In 2006, utility American Electric Power installed superconductor cable using American Superconductor's wires for distribution-level system. And in July, New York's Long Island Power Authority started up the first underground transmission voltage level superconductor cable system using the company's wires.
Despite the extra cost of making and cooling the high-temperature cables, the savings in delivering power in a narrow underground right of way, rather than through massive overhead transmission lines, made it worth the utility's while, said Jason Fredette, American Superconductor director of investor and media relations.
That project, along with the South Korea project, puts the company "on the threshold of commercial success with superconducting cables," he said – though he added that he expects utilities to wait for such projects to be proven in the field before that happens.
Beyond transmission, superconducting cables have characteristics that suit them for use as fault current limiters to prevent current surges caused by grid breakdowns. That's because superconductors actually stop being superconductors and start resisting current when that current grows too great.
London-based superconductor company Zenergy Power (AIM: ZEN) announced Monday that it had landed a contract to provide a superconductor fault current limiter to Consolidated Edison.
The New York utility wants to test the system as part of the $39 million, Department of Homeland Security-funded project HYDRA, which aims to give New York City's power grid the ability to withstand disruptions either natural or man-made.
IN 2007, Zenergy subsidiary SC Power, based in Sam Mateo, Calif., got $500,000 from the California Energy Commission, along with $11 million from the Department of Energy, to study the technology for California's power grid.

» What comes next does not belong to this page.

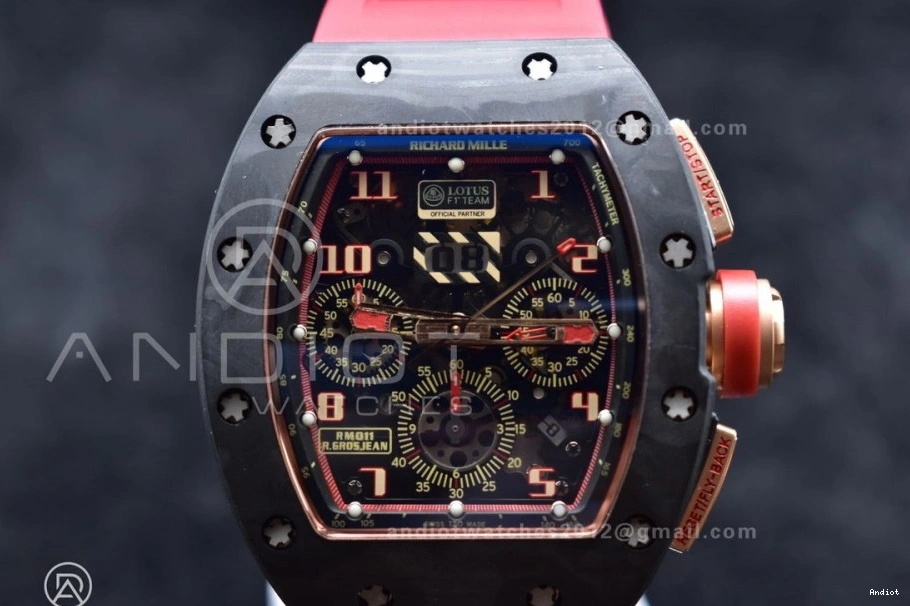 Best NTPT Rubber on Dial A7750 Chrono Edition Crystal V2 RM011 Strap Lotus KVF Red 1:1 1130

That DOE funding round also included a total of $21.7 million for American Superconductor to develop fault current limiter and power delivery equipment, and the company has worked on project Hydra as well.
Of course, utilities are notorious for being slow to adopt new technologies. Both American Superconductor and Zenergy have faced losses in recent quarters as they've sought to build up their utility business.
American Superconductor in February reported a loss of $17.9 million for the first nine months of fiscal year 2008, compared to a $23.6 million loss in the same period in 2007. Revenue for the first nine months of 2008 grew to $109.8 million from $62.5 million in the same period in 2007.
Zenergy reported a loss of €2.5 million ($3.2 million) on revenues of €1.04 million ($1.3 million) for the first six months of 2008, compared to a loss of €1.8 million ($2.3 million) on revenues of €94,000 ($122,000) in the first six months of 2007.